PROBLEM TO SOLVE: Please write out exactly the lines from the one with "this 465×276 image." through the end of the data below, both ends included, and omit any pictures.

GIVEN INFORMATION:
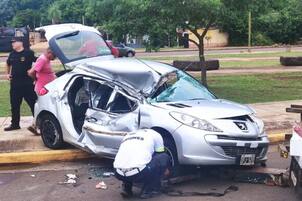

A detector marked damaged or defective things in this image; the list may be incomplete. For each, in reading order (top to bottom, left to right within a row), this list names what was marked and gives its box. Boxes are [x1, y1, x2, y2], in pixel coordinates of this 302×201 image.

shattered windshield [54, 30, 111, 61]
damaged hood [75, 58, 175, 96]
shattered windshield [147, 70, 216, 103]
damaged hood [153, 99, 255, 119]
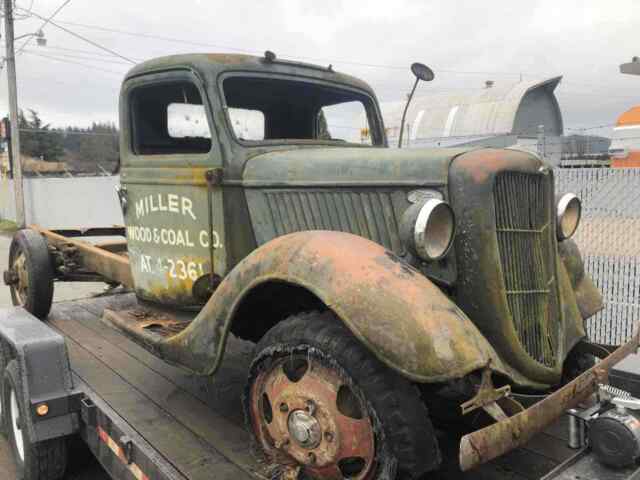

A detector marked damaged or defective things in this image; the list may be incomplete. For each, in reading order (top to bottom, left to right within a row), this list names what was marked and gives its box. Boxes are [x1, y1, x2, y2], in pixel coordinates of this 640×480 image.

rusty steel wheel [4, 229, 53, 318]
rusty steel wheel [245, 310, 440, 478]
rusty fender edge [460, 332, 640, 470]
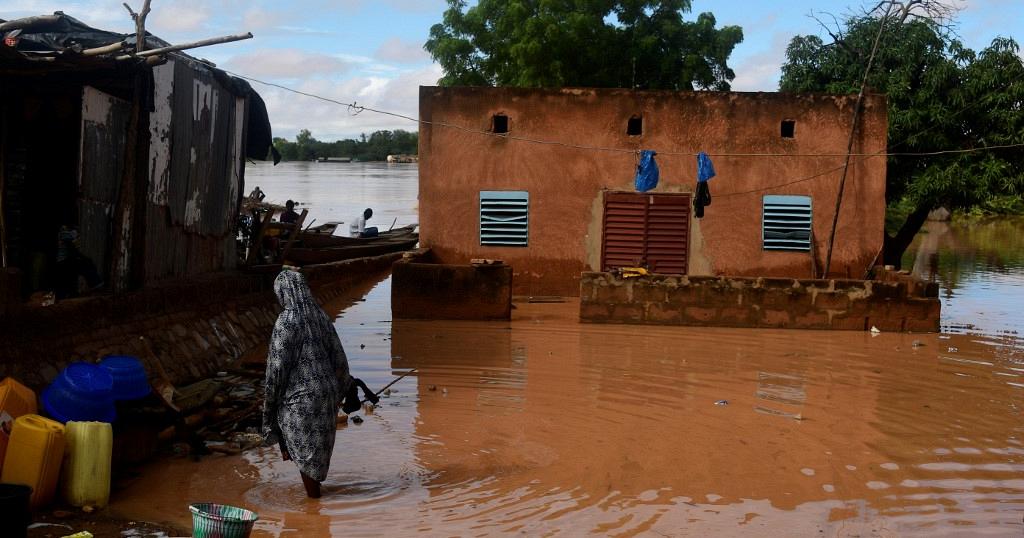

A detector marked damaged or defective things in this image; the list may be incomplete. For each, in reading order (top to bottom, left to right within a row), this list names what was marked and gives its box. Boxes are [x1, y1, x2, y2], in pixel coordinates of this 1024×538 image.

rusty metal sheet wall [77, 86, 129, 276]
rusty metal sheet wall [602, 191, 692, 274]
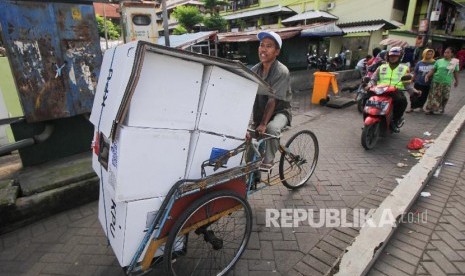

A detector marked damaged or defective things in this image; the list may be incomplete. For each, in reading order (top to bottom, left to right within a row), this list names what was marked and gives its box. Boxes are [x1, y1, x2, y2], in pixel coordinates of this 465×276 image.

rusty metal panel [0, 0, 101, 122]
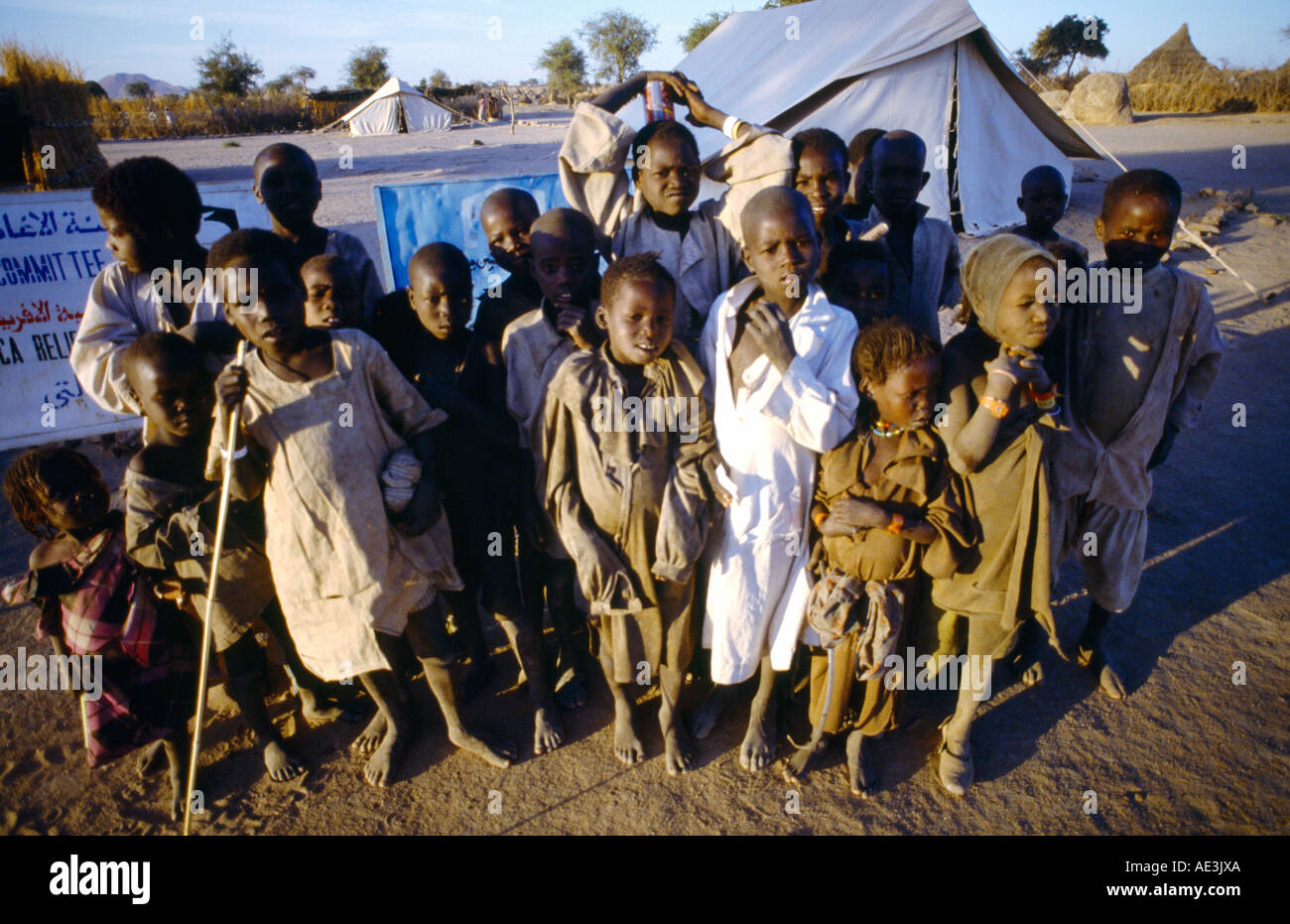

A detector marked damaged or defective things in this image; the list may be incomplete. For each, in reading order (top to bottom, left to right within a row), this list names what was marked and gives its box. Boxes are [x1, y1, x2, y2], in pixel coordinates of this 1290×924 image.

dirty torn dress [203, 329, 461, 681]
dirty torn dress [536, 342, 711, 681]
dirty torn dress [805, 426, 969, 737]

ANSWER TO THIS EXERCISE:
A detector marked damaged or defective things in this image; the list may be incomplete. For each, in reading order (top to bottom, left to right within a row), this list names what was marked and gives its box. Boxes are [x1, y1, x2, y2], in pixel coordinates of this 465×276 image.

rusty metal panel [0, 0, 101, 122]

A detector marked damaged or defective things in this image; the list may be incomplete. For each, in reading order (top to bottom, left to right within a row), this list names what was marked and gives its box. Boxes are [x1, y1, x2, y2], in pixel coordinates of this 1290×924 image.

dirty torn dress [203, 329, 461, 681]
dirty torn dress [536, 342, 711, 681]
dirty torn dress [805, 426, 969, 737]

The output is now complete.